28Der erkennende Senat ist der Auffassung, dass die Festsetzung von Steuervorauszahlungen gegenüber dem Unterhaltsberechtigten einen Freistellungsanspruch gegenüber dem Unterhaltspflichtigen auslöst. Denn der Nachteil, dass Steuervorauszahlungen festgesetzt werden, resultiert aus den steuerlichen Verhältnissen des Vorjahres. Im vorliegenden Fall hat die Antragstellerin keine Möglichkeit, ihrer tatsächlichen Zahlungsverpflichtung gegenüber dem Finanzamt zu entgehen. Die Durchführung eines Einspruchsverfahrens gegenüber dem Festsetzungsbescheid war nicht erfolgversprechend; es ist unklar, mit welchen Argumenten sich die Antragstellerin gegen den Festsetzungsbescheid hätte wenden sollen, da eine sachliche Unrichtigkeit des Festsetzungsbescheids von keiner Seite vorgetragen wird. Mit der Unterzeichnung der Anlage U durch die Antragstellerin war dem Antragsgegner die Inanspruchnahme des Realsplittings möglich und für die Antragstellerin nicht mehr beeinflussbar. Einer übermäßigen und frühzeitigen Inanspruchnahme hätte der Antragsgegner entgegenwirken können, indem er sich entsprechende Freibeträge für die Unterhaltszahlungen hätte eintragen lassen, so dass sich seine laufende Steuerschuld entsprechend ermäßigt hätte.

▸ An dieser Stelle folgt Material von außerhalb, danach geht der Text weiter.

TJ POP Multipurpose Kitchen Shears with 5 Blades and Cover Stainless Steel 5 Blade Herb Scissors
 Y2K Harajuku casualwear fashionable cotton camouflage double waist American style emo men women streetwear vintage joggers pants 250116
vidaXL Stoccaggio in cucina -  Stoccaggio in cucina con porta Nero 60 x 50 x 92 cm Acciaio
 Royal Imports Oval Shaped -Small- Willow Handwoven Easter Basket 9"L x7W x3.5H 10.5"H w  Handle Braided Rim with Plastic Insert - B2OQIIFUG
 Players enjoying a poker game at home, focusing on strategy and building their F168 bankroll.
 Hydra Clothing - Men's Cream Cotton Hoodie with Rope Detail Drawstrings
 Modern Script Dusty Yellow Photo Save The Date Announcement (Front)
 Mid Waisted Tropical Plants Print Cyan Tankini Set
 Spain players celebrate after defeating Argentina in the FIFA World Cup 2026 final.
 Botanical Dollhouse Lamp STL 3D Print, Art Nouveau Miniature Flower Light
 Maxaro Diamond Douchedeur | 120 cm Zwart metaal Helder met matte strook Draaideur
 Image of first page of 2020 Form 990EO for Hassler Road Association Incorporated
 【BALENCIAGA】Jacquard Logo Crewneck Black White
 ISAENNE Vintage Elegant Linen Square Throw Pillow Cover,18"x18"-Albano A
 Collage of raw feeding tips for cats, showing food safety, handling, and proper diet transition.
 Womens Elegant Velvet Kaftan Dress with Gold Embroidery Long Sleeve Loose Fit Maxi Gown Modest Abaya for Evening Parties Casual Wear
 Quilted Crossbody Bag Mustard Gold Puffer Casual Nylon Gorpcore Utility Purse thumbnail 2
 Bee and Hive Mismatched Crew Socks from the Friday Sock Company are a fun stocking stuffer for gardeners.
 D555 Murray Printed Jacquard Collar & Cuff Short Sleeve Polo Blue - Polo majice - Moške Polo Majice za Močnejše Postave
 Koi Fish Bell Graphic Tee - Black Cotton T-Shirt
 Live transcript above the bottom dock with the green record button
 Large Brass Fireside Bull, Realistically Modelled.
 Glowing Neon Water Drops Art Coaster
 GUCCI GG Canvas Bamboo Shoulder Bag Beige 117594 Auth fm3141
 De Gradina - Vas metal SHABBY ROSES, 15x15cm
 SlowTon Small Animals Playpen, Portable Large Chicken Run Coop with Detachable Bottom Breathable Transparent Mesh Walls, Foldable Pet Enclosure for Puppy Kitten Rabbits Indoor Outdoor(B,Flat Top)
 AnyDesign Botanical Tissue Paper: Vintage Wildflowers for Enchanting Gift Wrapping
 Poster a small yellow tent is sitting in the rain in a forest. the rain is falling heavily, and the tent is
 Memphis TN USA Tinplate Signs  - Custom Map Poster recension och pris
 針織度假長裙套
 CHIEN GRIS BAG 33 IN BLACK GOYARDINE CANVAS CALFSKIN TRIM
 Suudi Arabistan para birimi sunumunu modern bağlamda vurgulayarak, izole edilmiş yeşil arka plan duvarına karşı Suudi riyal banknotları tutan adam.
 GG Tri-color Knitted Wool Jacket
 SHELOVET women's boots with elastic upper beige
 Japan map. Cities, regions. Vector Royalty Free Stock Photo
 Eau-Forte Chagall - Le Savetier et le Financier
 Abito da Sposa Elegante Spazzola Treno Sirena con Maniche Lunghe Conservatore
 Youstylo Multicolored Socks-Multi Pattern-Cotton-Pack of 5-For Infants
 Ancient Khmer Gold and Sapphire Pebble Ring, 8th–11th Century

29Da die Antragstellerin vorgerichtlich die festgesetzten Steuervorauszahlungen an das Finanzamt leistete, wandelte sich ihr Freistellungsanspruch gegenüber dem Antragsgegner in einen Zahlungsanspruch um. Ihr Zahlungsanspruch gegenüber dem Antragsgegner bestand zum Zeitpunkt des erledigenden Ereignisses.
30Rechtsbehelfsbelehrung:
31Diese Entscheidung ist unanfechtbar.
32Die Rechtsbeschwerde ist nicht zuzulassen, weil die Rechtssache keine grundsätzliche Bedeutung hat und auch die Fortbildung des Rechts oder die Sicherung einer einheitlichen Rechtsprechung eine Entscheidung des Rechtsbeschwerdegerichts nicht erfordert.